大声で否定したいが、それはシルバーのキャラに反する。
俺はグッとこらえて受付嬢に話しかける。
「騒がしくしてすまない」
「いつも騒がしいので平気です。妹さんですか?」
「いや、依頼主だ。いろいろあってな」
「なっ!? ギルドを通さないでシルバーさんに依頼を受けてもらえるなんて……! 私たちだって結構無視されるのに……」
がっくりと肩を落とす受付嬢は見るからにテンションが下がっている。
ギルドの職員やギルドにたむろしている冒険者たちの視線が痛い。
「も、申し訳ない……次からは気を付けよう」
「本当ですか!? 実はシルバーさんにやってほしい依頼が溜まってまして!」
「また今度、まとめて片付ける。それでよいだろうか?」
「はい! お待ちしています! ところで」
「うん?」
受付嬢がギルドの端を指さす。
見ればオリヒメがなんか白い物を持っていた。少し視線を上げるとギルドに飾ってあった竜の牙の先が欠けていた。
俺の視線に気づいたオリヒメは一瞬、固まった。
しかし。
「てへっ」
「あーーー!!?? 帝都支部の名物!! 竜の牙がぁぁぁぁぁ!!??」
「おいおい!! いくらすると思ってるんだ!?」
「そ、そんな大きな声を出すでない……ちょっと掴まったら壊れてしまっただけだ。脆いのが悪い」
気にしたのは一瞬だけ。その後に悪びれた様子を見せないのはオリヒメらしい。
俺は深くため息を吐き、受付嬢に視線を移す。
「請求はどちらまで?」
「城に請求しておいてくれ」
オリヒメが仙姫であることは明かしていないが、俺に依頼できる時点で普通ではないことは受付嬢も理解しているんだろう。
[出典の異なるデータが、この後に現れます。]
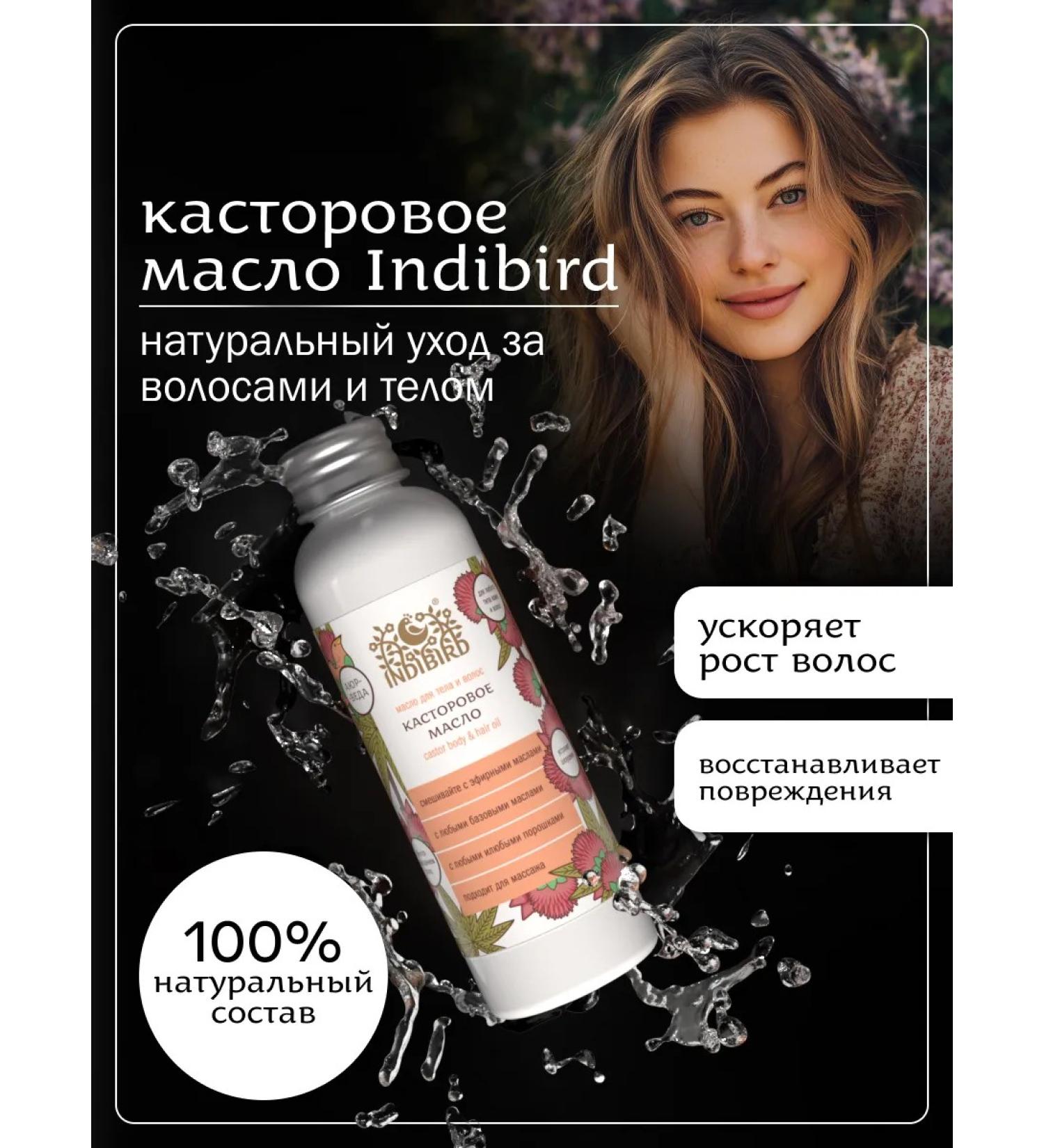 Indibird Cosmetic castor oil for hair care 150 ml - Buy Online on GoSupps.com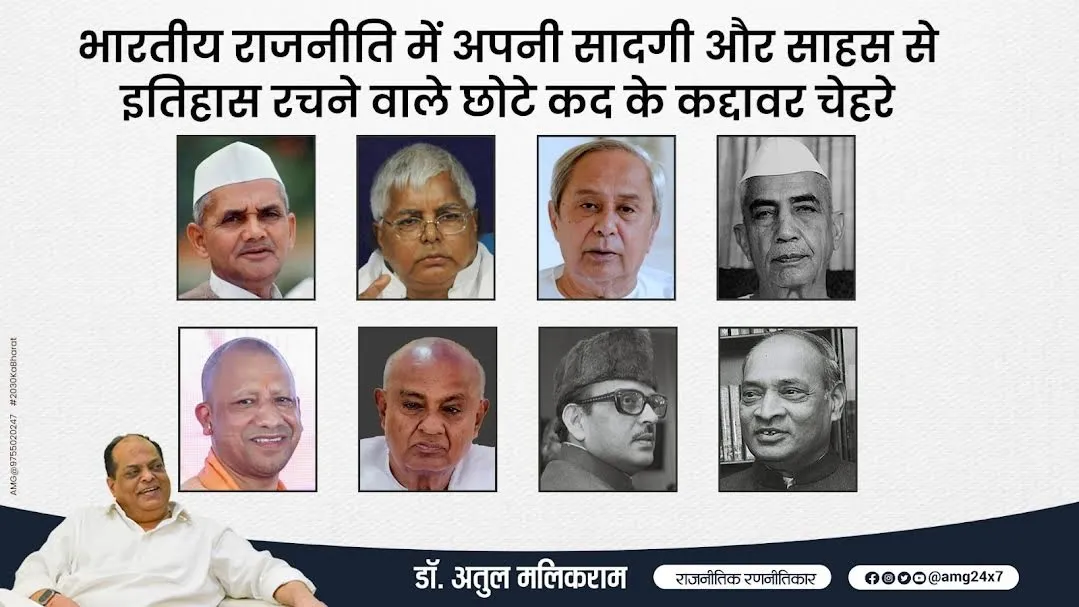 भारतीय राजनीति में अपनी सादगी और साहस से इतिहास रचने वाले छोटे कद के बड़े राजनेता - डॉ अतुल मलिकराम 
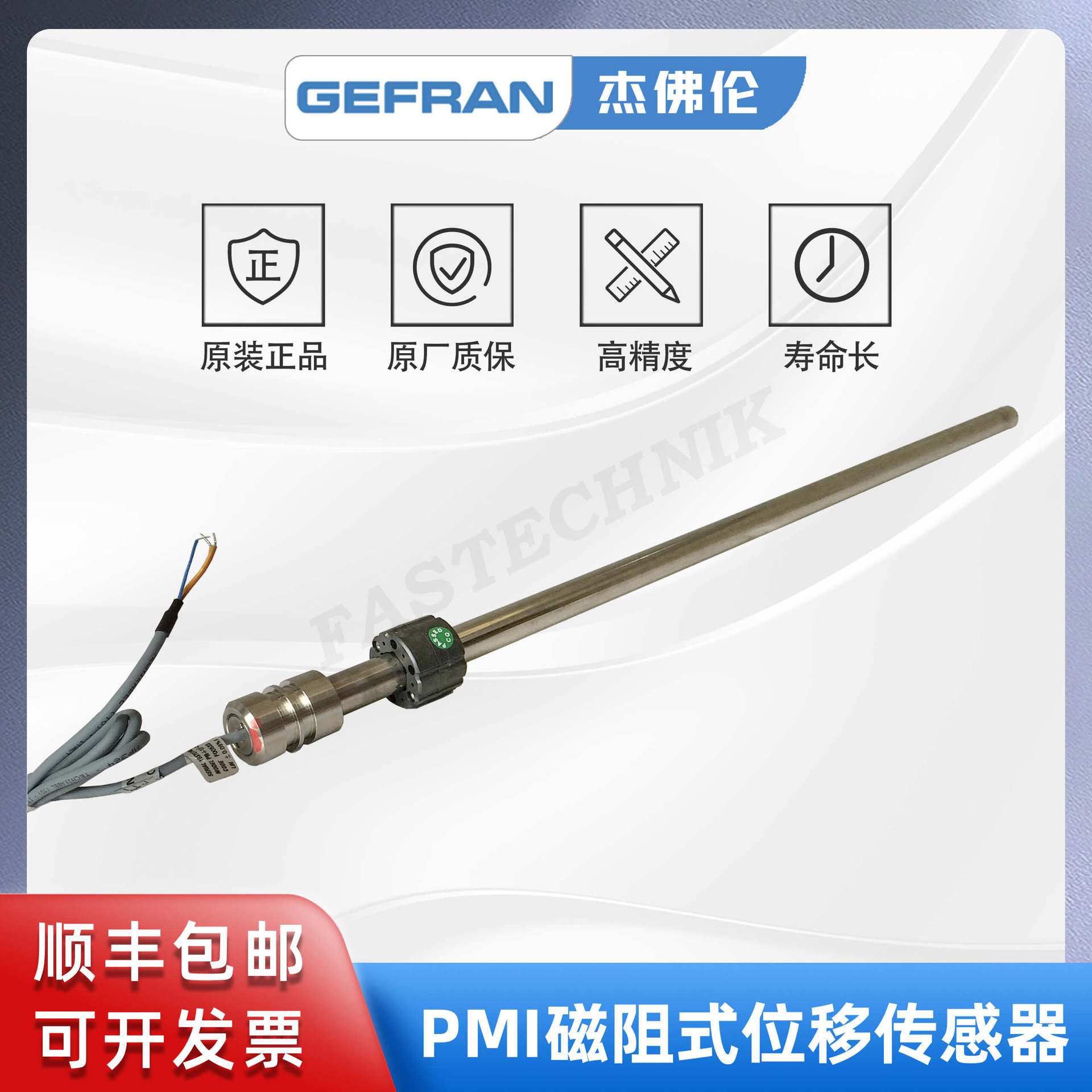 GEFRAN杰佛伦 PM-I-12-F-0500-X  油缸内置电子 位移传感器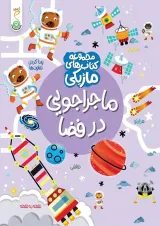 ماجراجویی در فضا مجموعه کتاب های ماژیکی کنجد پویش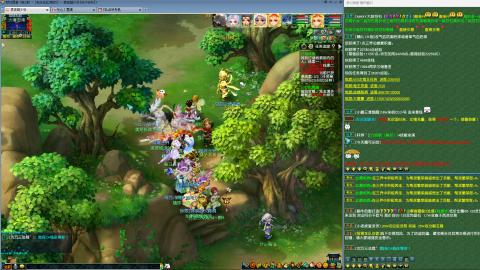 MHXY新区飞升飞升！！！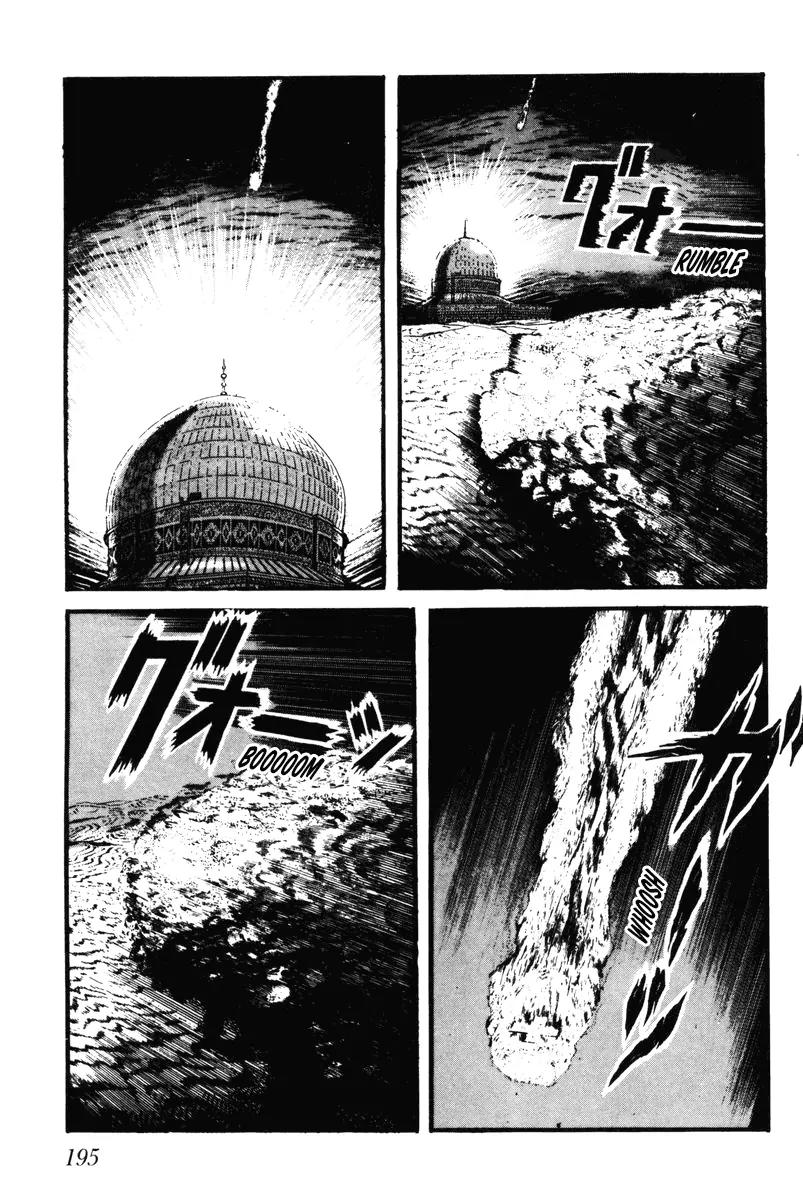 Watashi wa Shingo Chapter 6.0 page 192 - Vol.6 Chapter 0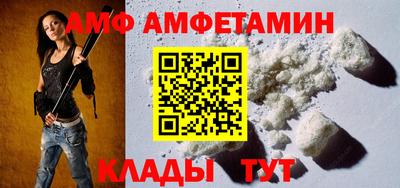 наркотики Нягань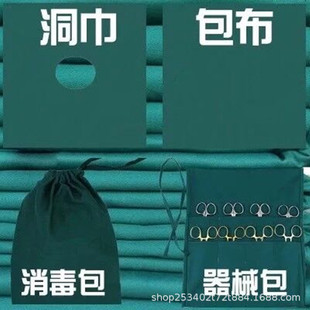 ���g�Ұ����tԺ�o������ī�Gɫ�����׽�䁽�������Ά��p���ް���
驚くこともなく、ではお城に請求しますねといって、その準備を始めた。たくましいことだ。
オリヒメはオリヒメで懲りずにギルドの中の物をあちこち触っては、中にいる冒険者たちに怒られている。
別に珍しいことじゃない。ここに来るまで俺とオリヒメは歩いてきた。オリヒメが自由に帝都を見る機会がないと言っていたからだ。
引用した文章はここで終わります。